The Software Engineering Institute (SEI) and the Networking and Information Technology Research and Development Program in the White House Office of Science and Technology Program will co-host an upcoming workshop to inform a community strategy for building and maintaining U.S. leadership in software engineering and artificial intelligence (AI) engineering. The workshop will be held in person at the National Science Foundation in Alexandria, Virginia, on June 20 and 21. Registration for the event closes June 16.
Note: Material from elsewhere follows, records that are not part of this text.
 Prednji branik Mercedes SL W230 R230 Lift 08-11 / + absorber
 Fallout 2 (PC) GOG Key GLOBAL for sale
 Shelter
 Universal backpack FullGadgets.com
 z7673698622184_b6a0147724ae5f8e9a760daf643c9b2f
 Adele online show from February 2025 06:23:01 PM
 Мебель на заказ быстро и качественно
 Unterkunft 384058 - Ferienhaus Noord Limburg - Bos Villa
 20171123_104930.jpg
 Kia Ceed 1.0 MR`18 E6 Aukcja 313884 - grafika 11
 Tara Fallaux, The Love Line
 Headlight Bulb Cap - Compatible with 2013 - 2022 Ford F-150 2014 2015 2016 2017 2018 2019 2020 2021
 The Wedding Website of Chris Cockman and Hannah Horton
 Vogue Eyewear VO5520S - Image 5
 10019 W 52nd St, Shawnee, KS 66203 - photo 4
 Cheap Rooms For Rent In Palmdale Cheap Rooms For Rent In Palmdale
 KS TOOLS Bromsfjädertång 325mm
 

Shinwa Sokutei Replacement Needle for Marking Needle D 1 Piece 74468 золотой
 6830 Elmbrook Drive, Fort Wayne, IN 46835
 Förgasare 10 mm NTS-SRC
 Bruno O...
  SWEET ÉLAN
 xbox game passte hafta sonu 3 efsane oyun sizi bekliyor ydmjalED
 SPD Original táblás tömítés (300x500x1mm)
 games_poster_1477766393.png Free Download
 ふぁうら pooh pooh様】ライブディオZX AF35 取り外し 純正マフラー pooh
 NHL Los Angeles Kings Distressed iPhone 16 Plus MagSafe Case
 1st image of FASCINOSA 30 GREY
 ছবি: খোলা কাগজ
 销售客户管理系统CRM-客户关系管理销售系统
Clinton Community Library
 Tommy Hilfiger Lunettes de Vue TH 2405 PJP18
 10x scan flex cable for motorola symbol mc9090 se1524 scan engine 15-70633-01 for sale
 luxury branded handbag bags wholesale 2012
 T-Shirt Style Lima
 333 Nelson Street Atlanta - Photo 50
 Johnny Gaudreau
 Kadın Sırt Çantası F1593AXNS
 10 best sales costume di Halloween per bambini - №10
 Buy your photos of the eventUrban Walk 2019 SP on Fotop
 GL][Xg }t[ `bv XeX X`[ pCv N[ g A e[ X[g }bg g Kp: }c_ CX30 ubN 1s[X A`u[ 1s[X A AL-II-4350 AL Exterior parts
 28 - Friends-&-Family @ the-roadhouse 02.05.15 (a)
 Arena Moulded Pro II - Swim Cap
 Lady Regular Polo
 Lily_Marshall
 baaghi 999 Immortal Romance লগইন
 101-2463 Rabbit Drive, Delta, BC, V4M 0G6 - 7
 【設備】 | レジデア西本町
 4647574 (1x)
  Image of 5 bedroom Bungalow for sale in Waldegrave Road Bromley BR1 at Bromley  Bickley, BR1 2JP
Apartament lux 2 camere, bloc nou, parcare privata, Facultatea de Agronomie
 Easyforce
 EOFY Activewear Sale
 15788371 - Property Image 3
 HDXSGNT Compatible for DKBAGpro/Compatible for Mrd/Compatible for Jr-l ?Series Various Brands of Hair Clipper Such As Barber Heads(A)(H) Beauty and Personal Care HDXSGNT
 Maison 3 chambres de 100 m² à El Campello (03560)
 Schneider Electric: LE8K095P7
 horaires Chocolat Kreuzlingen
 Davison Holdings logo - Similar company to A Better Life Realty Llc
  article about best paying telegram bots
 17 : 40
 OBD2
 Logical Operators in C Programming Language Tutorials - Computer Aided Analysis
The event will gather thought leaders from federal research funding agencies, research laboratories, and mission agencies, as well as relevant commercial organizations, to explore the fundamental research needed to advance the theory and practice of software engineering, as well as enable the reliable development and trustworthy use of AI in the next generation of software-reliant systems. Speakers will include engineering and research leaders from commercial organizations like Google and Facebook, nine federal agencies, and eight universities.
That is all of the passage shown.